Encontram-se abrangidos pelo Simples Nacional impostos e contribuições da competência da União, dos Estados, do Distrito Federal e Municípios, a saber: I - Imposto sobre a Renda da Pessoa Jurídica - IRPJ; II - Imposto sobre Produtos Industrializados - IPI, observado o disposto no inciso XII do § 1º do art. 13 da LC 123, de 2006[4]; III - Contribuição Social sobre o Lucro Líquido - CSLL; IV - Contribuição para o Financiamento da Seguridade Social - COFINS[5]; V - Contribuição para o PIS/Pasep[6]; VI - Contribuição Patronal Previdenciária - CPP para a Seguridade Social, a cargo da pessoa jurídica, de que trata o art. 22 da Lei no 8.212, de 24 de julho de 1991, exceto no caso da microempresa e da empresa de pequeno porte que se dedique às atividades de prestação de serviços referidas no § 5º-C do art. 18 da LC 123, de 2006;  VII - Imposto sobre Operações Relativas à Circulação de Mercadorias e Sobre Prestações de Serviços de Transporte Interestadual e Intermunicipal e de Comunicação - ICMS; VIII - Imposto sobre Serviços de Qualquer Natureza - ISS.

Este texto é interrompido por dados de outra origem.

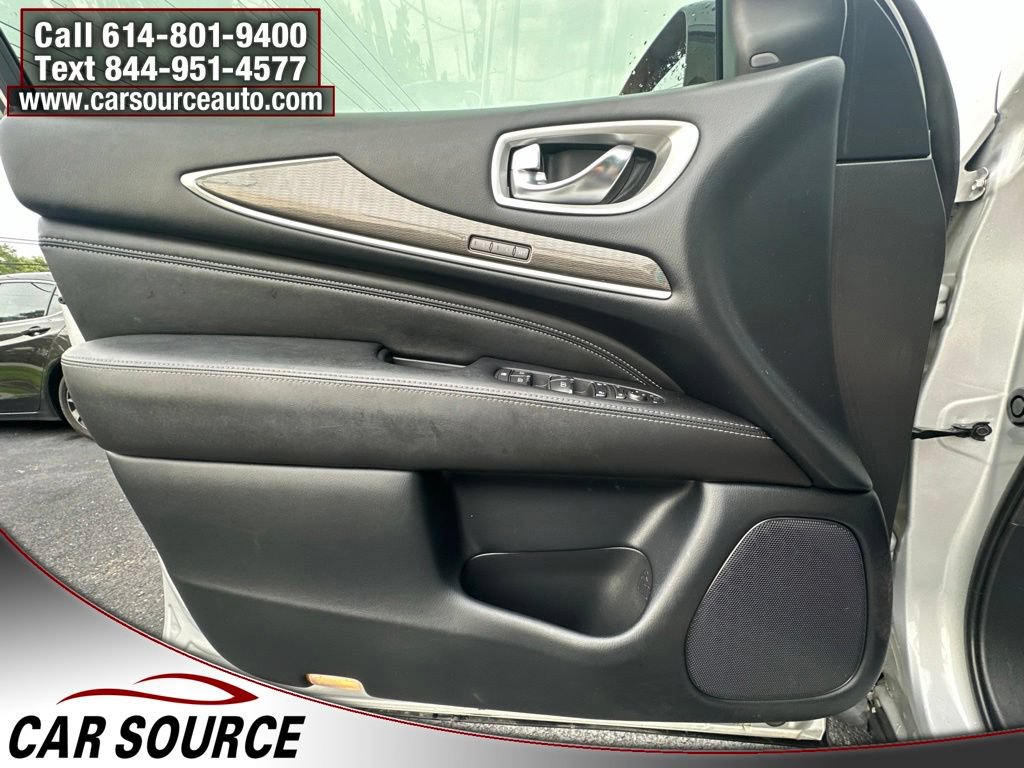 Used 2020 INFINITI QX60 Luxe w/ Essential Package FWD image 22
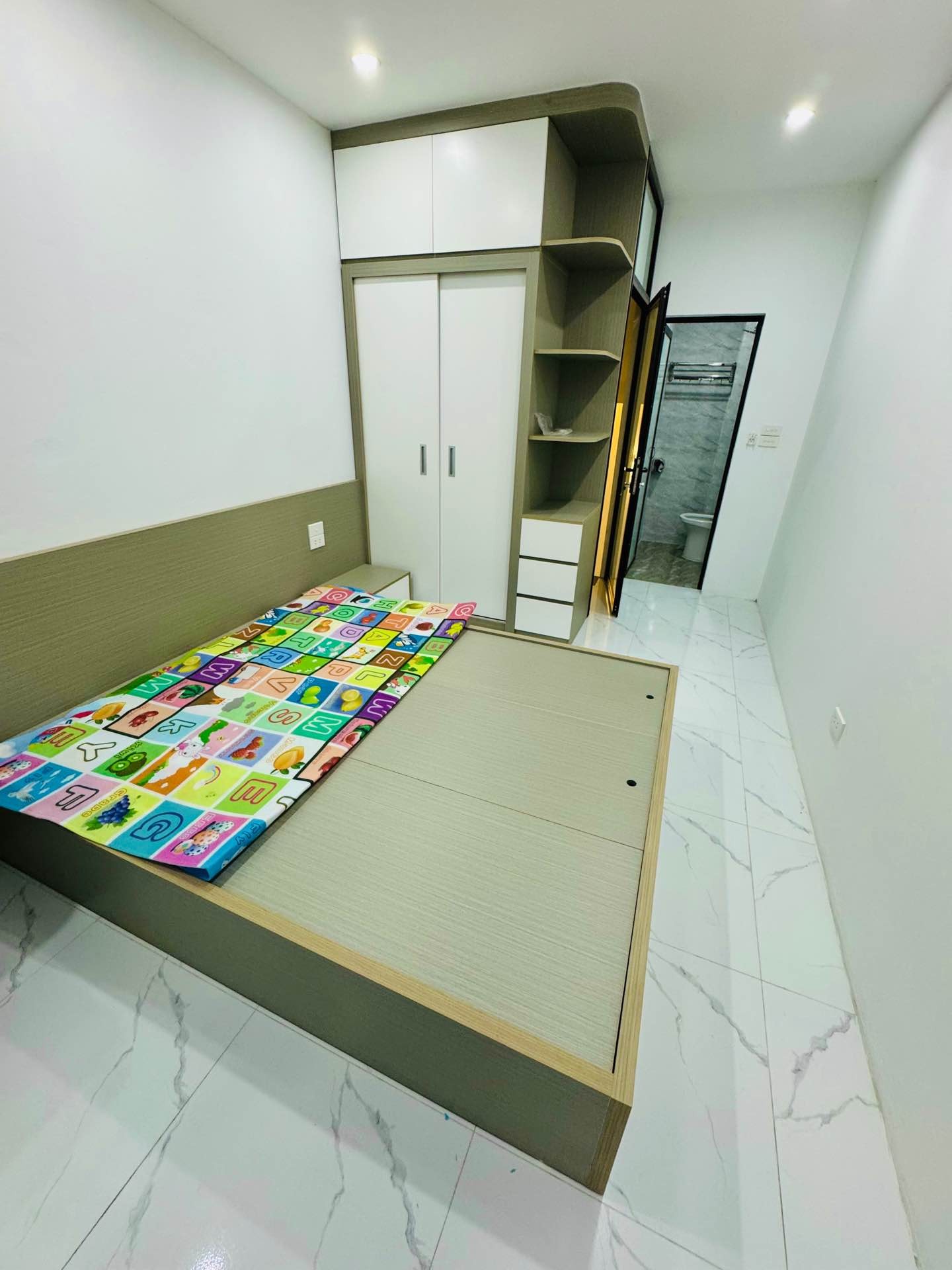 Bán nhà Lĩnh Nam - diện tích 22m2 4 tầng - Nhà đẹp full nội thất - giá 3,4 tỷ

2.6 Opção pelo Simples Nacional: ampliação do enquadramento e interpretação benéfica

Houve previsão expressa no art. 17 da LC 123, de 2006, das pessoas jurídicas proibidas de gozarem dos benefícios do Simples Nacional.

Assim, não poderão recolher os impostos e contribuições na forma do Simples Nacional a microempresa ou a empresa de pequeno porte: I - que explore atividade de prestação cumulativa e contínua de serviços de assessoria creditícia, gestão de crédito, seleção e riscos, administração de contas a pagar e a receber, gerenciamento de ativos (asset management), compras de direitos creditórios resultantes de vendas mercantis a prazo ou de prestação de serviços (factoring); II - que tenha sócio domiciliado no exterior; III - de cujo capital participe entidade da administração pública, direta ou indireta, federal, estadual ou municipal; IV - (REVOGADO) V - que possua débito com o Instituto Nacional do Seguro Social - INSS, ou com as Fazendas Públicas Federal, Estadual ou Municipal, cuja exigibilidade não esteja suspensa; VI - que preste serviço de transporte intermunicipal e interestadual de passageiros; VII - que seja geradora, transmissora, distribuidora ou comercializadora de energia elétrica; VIII - que exerça atividade de importação ou fabricação de automóveis e motocicletas; IX - que exerça atividade de importação de combustíveis; X - que exerça atividade de produção ou venda no atacado de:  a) cigarros, cigarrilhas, charutos, filtros para cigarros, armas de fogo, munições e pólvoras, explosivos e detonantes; b) bebidas a seguir descritas: 1 - alcoólicas; 2 - refrigerantes, inclusive águas saborizadas gaseificadas; 3 - preparações compostas, não alcoólicas (extratos concentrados ou sabores concentrados), para elaboração de bebida refrigerante, com capacidade de diluição de até 10 (dez) partes da bebida para cada parte do concentrado; 4 - cervejas sem álcool; XI - que tenha por finalidade a prestação de serviços decorrentes do exercício de atividade intelectual, de natureza técnica, científica, desportiva, artística ou cultural, que constitua profissão regulamentada ou não, bem como a que preste serviços de instrutor, de corretor, de despachante ou de qualquer tipo de intermediação de negócios; XII - que realize cessão ou locação de mão-de-obra; XIII - que realize atividade de consultoria; XIV - que se dedique ao loteamento e à incorporação de imóveis. XV - que realize atividade de locação de imóveis próprios, exceto quando se referir a prestação de serviços tributados pelo ISS. XVI - com ausência de inscrição ou com irregularidade em cadastro fiscal federal, municipal ou estadual, quando exigível.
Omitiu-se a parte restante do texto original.